Wie haben Sie recherchiert, um die Welt der „Schönen und Reichen“ glaubwürdig darzustellen?
Mir war es wichtig, zu zeigen, dass die Zugehörigkeit zu einer solchen Familie nicht nur mit Privilegien eingehergeht, sondern auch mit Pflichten und Verantwortung. Es geht in diesen Büchern also weniger um Glamour und Reichtum als vielmehr um familiäre Strukturen und elterliche Erwartungen an Kinder, die dem entkommen wollen, aber nicht können. Das war mein Fokus, auch bei der Recherche.
Sie haben auf Instagram über 15.000 Follower. Wie wichtig ist Social Media, wenn man im Segment New Adult schreibt?
Instagram ist eine schöne Plattform, um mit den Leserinnen und Lesern in Kontakt zu kommen. Viele möchten den Menschen hinter den Büchern kennenlernen und ich gebe gerne Einblicke in meinen Alltag als Autorin oder erzähle etwas über kommende Projekte. Man sollte sich aber bewusst sein: Die eigene Social-Media-Präsenz ersetzt kein zielgerichtetes Marketing durch einen Verlag. Glücklicherweise habe ich das Team von LYX an meiner Seite, das sehr genau weiß, wie es die Zielgruppe erreicht.

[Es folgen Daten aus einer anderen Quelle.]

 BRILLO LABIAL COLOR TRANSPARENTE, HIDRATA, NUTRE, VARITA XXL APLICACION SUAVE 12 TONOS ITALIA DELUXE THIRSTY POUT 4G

Wie viel Zeit stecken Sie in Ihre Social Media-Präsenz?
Ich verbringe etwa eine halbe bis ganze Stunde täglich damit, Nachrichten zu beantworten, Inhalte zu posten oder unter Beiträgen zu kommentieren. Aber das ist gut investierte Zeit, da ich ja nicht für mich, sondern für meine Leserinnen und Leser schreibe – und es wirklich schön ist, mich mit ihnen auszutauschen.
Lena Kiefer ist Bestsellerautorin und schreibt sowohl Romance als auch Fantasy für die Zielgruppe New Adult. Sie liebt Plots, die es auf allen Ebenen schaffen, die Leserinnen zu fesseln.